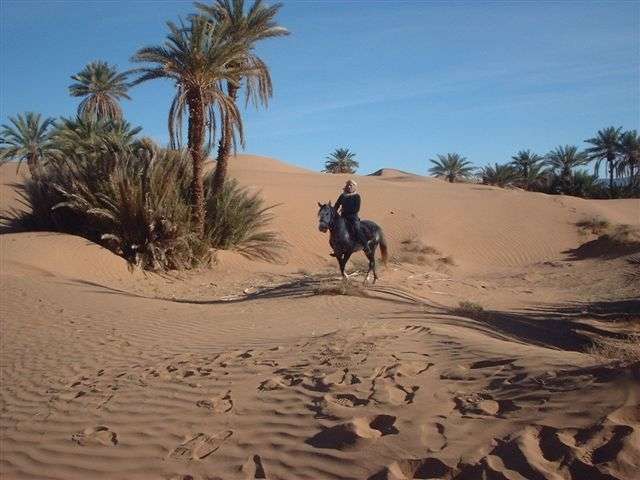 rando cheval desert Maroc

* * *

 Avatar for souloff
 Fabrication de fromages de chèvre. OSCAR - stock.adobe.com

■ Assigned task
Looking at the data above, return every line from the one with "Avatar for souloff" down to the one with "Fabrication de fromages", exactly and inclusively.

■ Answer to this problem
 Avatar for souloff
 Fabrication de fromages de chèvre. OSCAR - stock.adobe.com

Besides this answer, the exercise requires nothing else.